The data we are shooting to get right now is what I consider to be the most important data---- finding the resultant spectral analysis of various LED combinations (especially for reef keepers) and then, number two, comparing which LEDs (bare) will give better PAR numbers at the same drive current. 


All things kept as equal as possible, knowing which LED's produce better PAR as bare LED will give you a significant clue as to which LED will give you the most efficiency in your situation. 


As for choosing LED optics and knowing PAR info from that, we can gain significant real-world data from measuring LED arrays in action over actual tanks. 






Hoppy said:


> For many of us LEDs pose an economic problem as well as a light problem. When you DIY a LED light once you add optics you greatly increase the cost of the light. So, knowing what a LED will do without optics is an important consideration. (All LEDs have a lens, used to protect the junction, so they all have "optics" to that extent.)
> 
> Two approaches to a LED light are:
> Minimum cost to get the lighting we want.
> ...



Excellent points. For most of us that have tanks shallower than 18", non-optic LEDs will be fine and cheaper. 


I think another good comparison would be comparing the PAR values, and PAR distribution, of several LED setups against a T5HO and halide. But--- using a Killawatt or similar device to measure actual, at-the-wall watt usage.

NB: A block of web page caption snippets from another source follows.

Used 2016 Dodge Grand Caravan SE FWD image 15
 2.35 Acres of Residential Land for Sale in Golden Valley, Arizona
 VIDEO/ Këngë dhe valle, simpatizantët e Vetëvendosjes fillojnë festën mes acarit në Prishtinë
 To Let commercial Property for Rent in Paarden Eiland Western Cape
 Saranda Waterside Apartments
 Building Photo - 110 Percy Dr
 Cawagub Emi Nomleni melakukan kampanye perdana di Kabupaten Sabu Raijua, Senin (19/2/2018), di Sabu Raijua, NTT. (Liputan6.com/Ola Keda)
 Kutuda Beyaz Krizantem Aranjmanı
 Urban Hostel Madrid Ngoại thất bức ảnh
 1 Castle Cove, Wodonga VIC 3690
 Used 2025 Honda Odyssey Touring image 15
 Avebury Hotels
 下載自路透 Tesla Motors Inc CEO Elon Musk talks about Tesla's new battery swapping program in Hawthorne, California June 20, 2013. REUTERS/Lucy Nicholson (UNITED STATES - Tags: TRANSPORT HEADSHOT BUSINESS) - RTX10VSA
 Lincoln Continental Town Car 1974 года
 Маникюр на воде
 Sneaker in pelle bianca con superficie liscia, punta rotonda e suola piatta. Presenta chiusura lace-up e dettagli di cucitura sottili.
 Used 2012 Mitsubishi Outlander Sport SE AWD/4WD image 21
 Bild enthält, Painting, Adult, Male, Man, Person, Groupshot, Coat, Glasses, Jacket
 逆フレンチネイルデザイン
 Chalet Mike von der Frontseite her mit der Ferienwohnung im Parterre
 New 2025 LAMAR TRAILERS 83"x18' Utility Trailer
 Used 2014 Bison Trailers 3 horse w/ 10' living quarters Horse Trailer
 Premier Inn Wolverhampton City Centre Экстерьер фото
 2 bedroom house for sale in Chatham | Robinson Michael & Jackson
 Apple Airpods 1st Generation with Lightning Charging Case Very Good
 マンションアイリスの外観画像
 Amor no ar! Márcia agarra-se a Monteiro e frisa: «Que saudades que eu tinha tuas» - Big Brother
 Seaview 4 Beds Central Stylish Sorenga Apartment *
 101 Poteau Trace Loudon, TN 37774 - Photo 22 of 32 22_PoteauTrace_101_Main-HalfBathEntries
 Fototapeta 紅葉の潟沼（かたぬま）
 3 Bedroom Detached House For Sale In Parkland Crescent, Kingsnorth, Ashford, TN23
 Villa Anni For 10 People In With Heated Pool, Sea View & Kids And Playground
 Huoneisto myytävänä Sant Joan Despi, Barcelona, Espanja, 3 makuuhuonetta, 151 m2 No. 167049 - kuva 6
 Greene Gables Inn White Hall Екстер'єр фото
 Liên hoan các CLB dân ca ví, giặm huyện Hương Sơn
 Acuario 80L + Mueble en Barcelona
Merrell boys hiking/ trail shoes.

That's beyond the scope of what we're doing at the moment though.


----------



## [email protected] (Jul 17, 2008)

shawnhu said:


> Even at $7, CREE XPG's are worth the $. The energy consulmption vs light output alone is worth the extra price tag.


For some, or for a finished product. 
I'm on a budget and pushed it to get 30 $2.00 LEDs to experiment with. Buying 30 $7.00 LEDs would have made this a "maybe someday" experiment.


----------



## Hoppy (Dec 24, 2005)

[email protected] said:


> For some, or for a finished product.
> I'm on a budget and pushed it to get 30 $2.00 LEDs to experiment with. Buying 30 $7.00 LEDs would have made this a "maybe someday" experiment.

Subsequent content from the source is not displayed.